La contabilità condominiale tra preventivo, consuntivo, interessi e vizi della delibera
I condòmini «sono liberi di accordarsi tra loro sulla ripartizione delle spese comuni, purché sia rispettato l’articolo 1123 Codice civile»
La Cassazione, con la sentenza 27719 del 12 ottobre 2021 tratta, seppure incidentalmente, alcuni postulati contabili e le conseguenze giuridiche che discendono dall'errata applicazione di una tabella millesimale per la ripartizione di una data spesa condominiale. Esaminiamo i singoli punti per dettaglio.

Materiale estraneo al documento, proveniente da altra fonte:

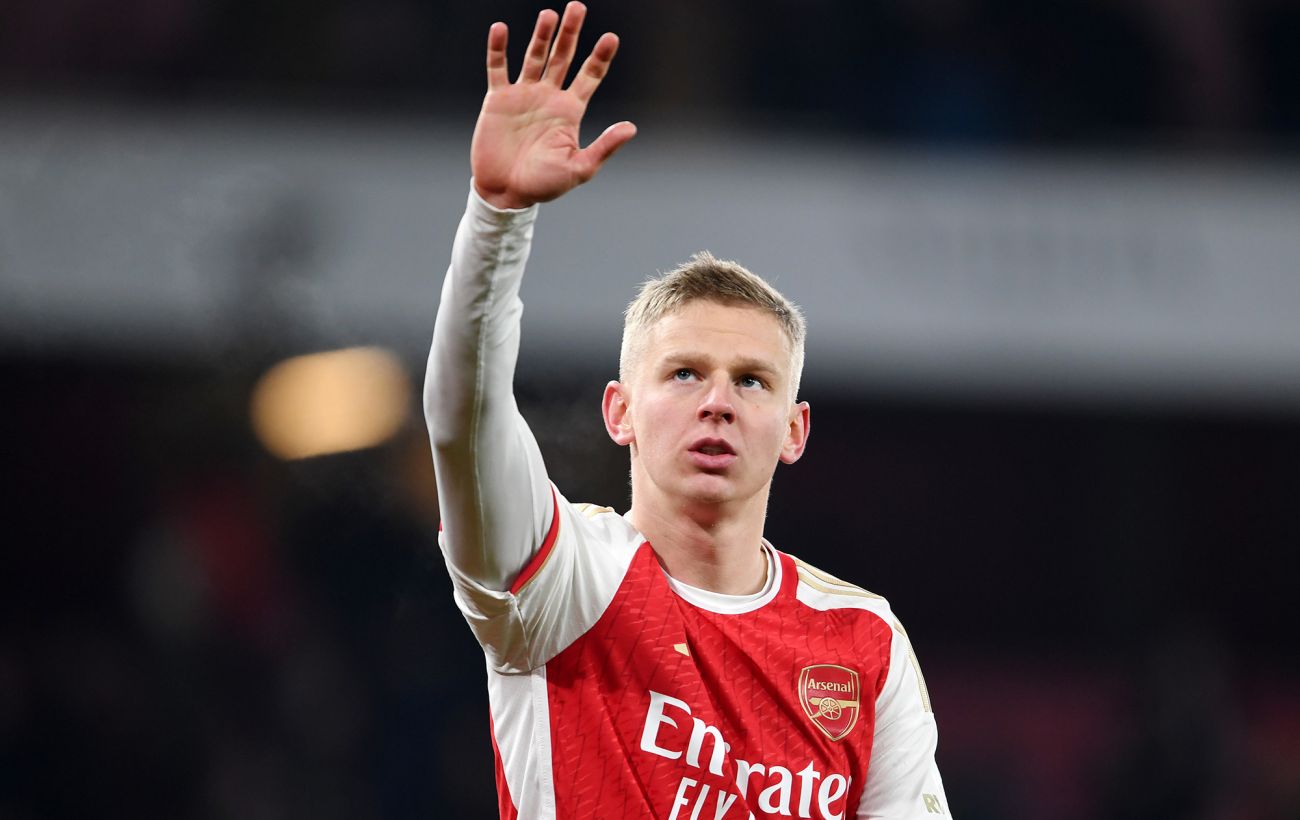 Майбутнє Зінченка змінюється: "Арсенал" може повернути українця раніше терміну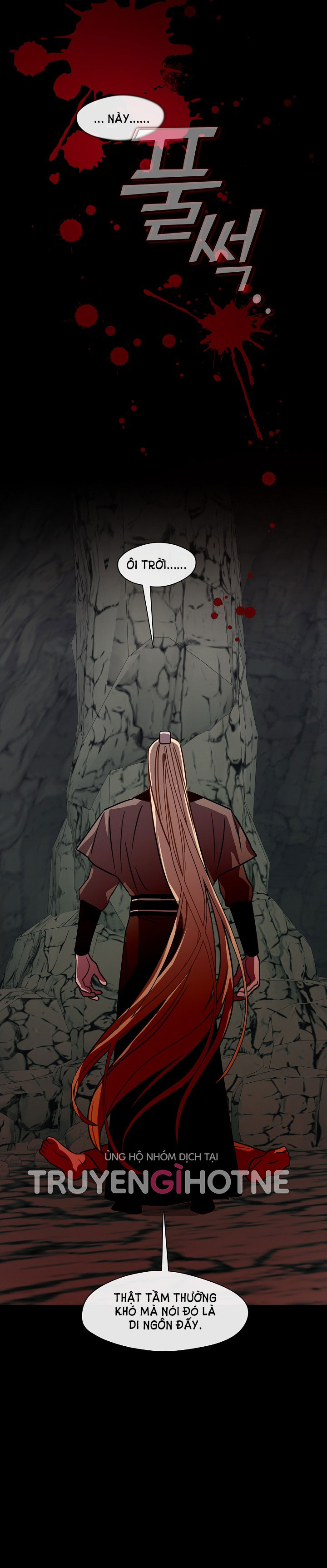 Đêm Của Tân Nương chapter 61.2 - Trang 9
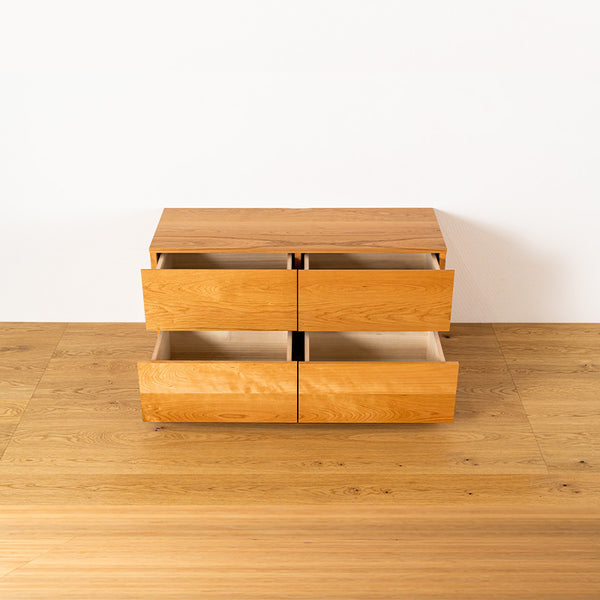 LOW CHEST_PLAIN_W1210-1400mm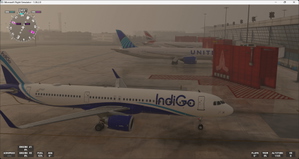 Enhancement for rcavinash123 - VIDP scenery thumbnail 2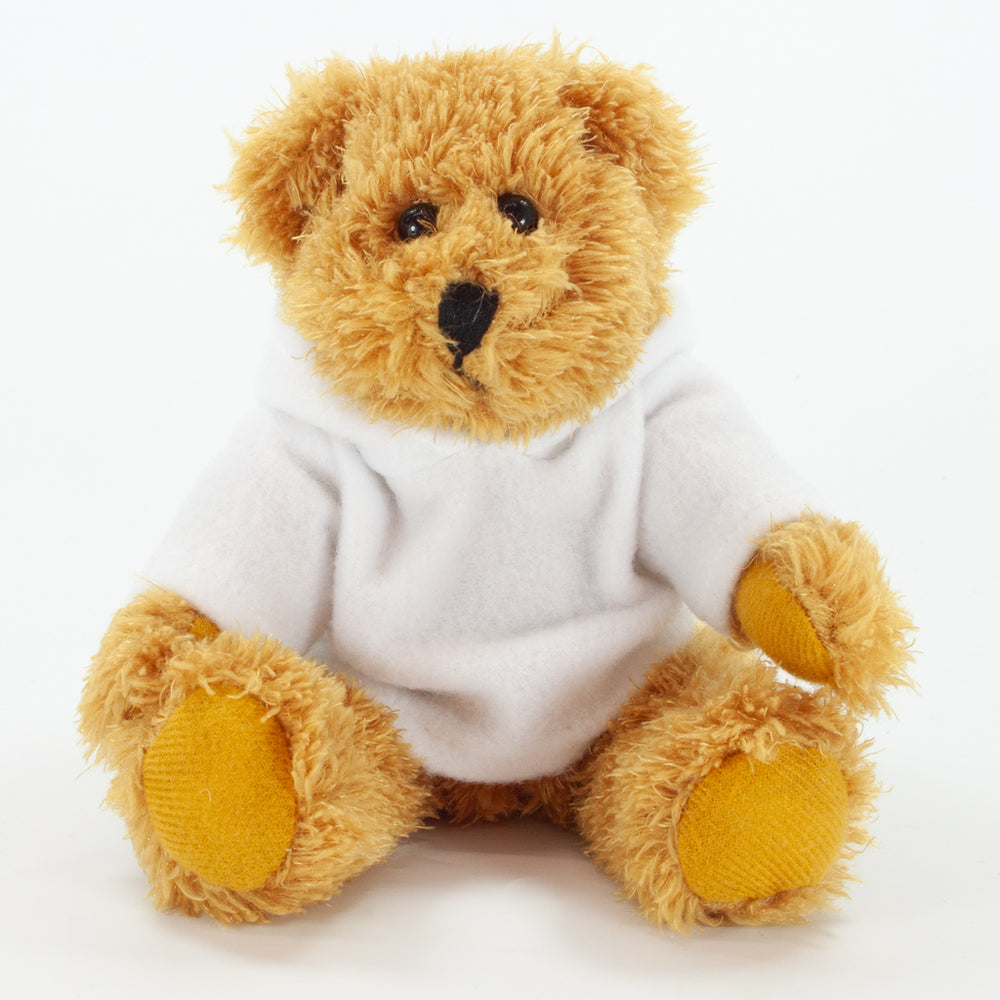 White Hoodie Bear II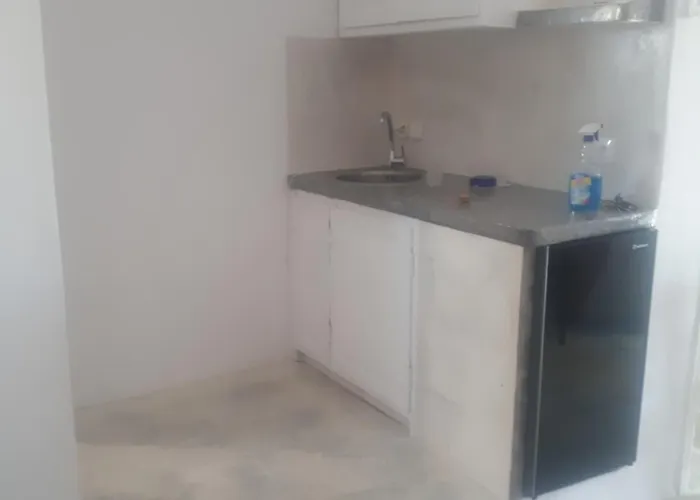 Szálloda Santo Margarita Thólosz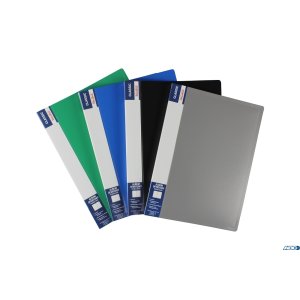 Album ofertowy CLASSIC 10kieszeni niebieski BIURFOL AOF-01-03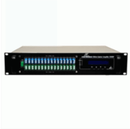 16 Port with WDM EDFA Optical Fiber Amplifier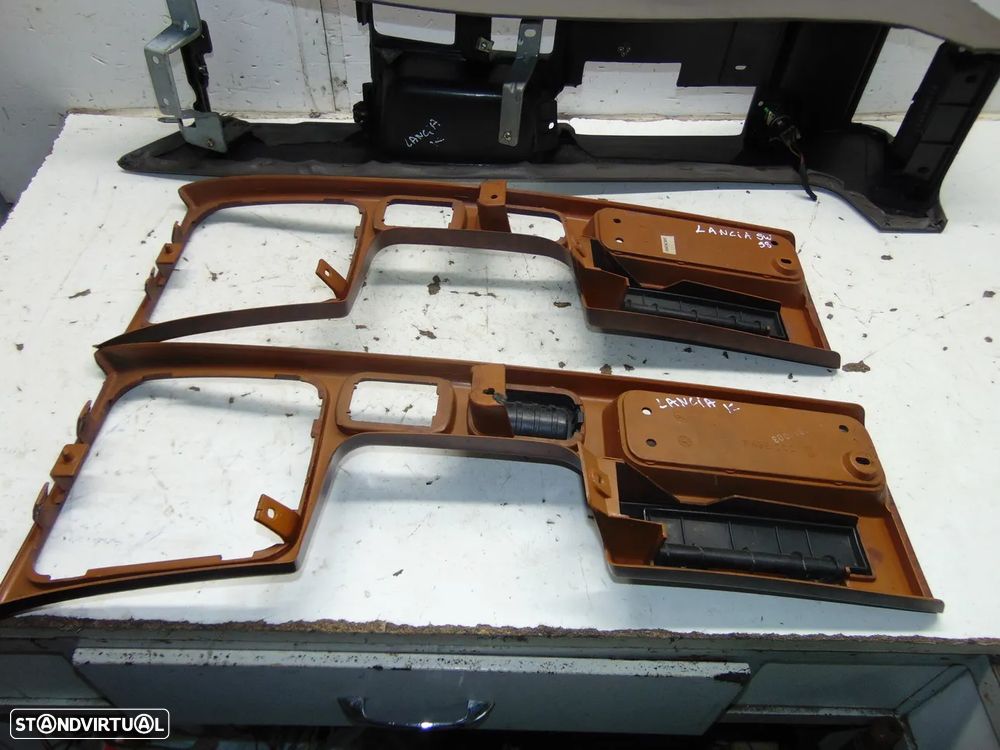 Lancia Kappa consola chão/Guarnições - 10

Differenza dei piani di riparto tra preventivo e consuntivo
Le spese di manutenzione, conservazione e gestione della cosa comune si ripartiscono tra i partecipanti al condominio sulla base del preventivo di spesa, che ogni anno viene approvato dall’assemblea in uno al relativo riparto.Al termine di ciascun esercizio si redige poi il consuntivo, che viene del pari approvato dall’assemblea dell’ente di gestione, anche in questo caso in uno al relativo eventuale riparto, ove risultino conguagli in dare o in avere. Ora i due riparti - quello attinente al preventivo e quello conseguente al consuntivo - sono perciò totalmente diversi; il primo, infatti, serve a dividere tra i partecipanti al condominio le somme che si stimano necessarie per provvedere alla gestione della cosa comune nell’arco dell’anno; il secondo, invece, chiude la singola annualità contabile indicando i conti di saldo definitivi e le eventuali differenze a debito o credito.
Gli interessi
Ciò premesso i giudici si interrogano su come contabilizzare gli interessi generati dalle rimesse dei condòmini nel conto corrente condominiale, per evitare contestazioni strumentali tese ad inficiare una delibera che abbia approvato un rendiconto di gestione all'interno del quale sono state appostate.In punto viene riferito che una volta verificato che le disponibilità attive di pertinenza del condominio confluiscono sul conto corrente condominiale, gli interessi attivi sulle somme ivi depositate non possono che essere accreditate in conto; esse, dunque, risultano indicate necessariamente tra i movimenti in attivo sull’estratto del conto corrente comune, e pertanto sono inevitabilmente calcolati nel saldo del rapporto alla data di chiusura di ciascun consuntivo annuale.
Tuttavia, la mancata specificazione dell’importo di dette somme non implica alcuna variazione del risultato aritmetico finale, posto che comunque esse sono accreditate in conto corrente, e dunque risultano comprese nel saldo attestato dal relativo estratto conto. Fa eccezione l’ipotesi in cui l’amministratore, o altri, abbiano eventualmente distratto detti interessi attivi.
Il criterio convenzionale e la natura del vizio
I condòmini, infine, «sono liberi di accordarsi tra loro ai fini della ripartizione di tutte o alcune delle spese comuni, purché sia rispettata, a norma dell’articolo 1123 Codice civile, la quota posta a carico di ciascuno in proporzione al valore della rispettiva proprietà esclusiva» (Cassazione 602/1995; Cassazione 3245/2009).Da ciò consegue che in presenza di una tabella applicata di fatto, o comunque di un criterio di ripartizione seguito in concreto per un certo tempo, si configura una presunzione di vigenza del detto criterio di riparto della spesa. Nel qual caso, il vizio -ove mai esistente- non sarebbe causa di nullità della delibera assembleare, ma al massimo di annullabilità della stessa (Cassazione 10886/1999).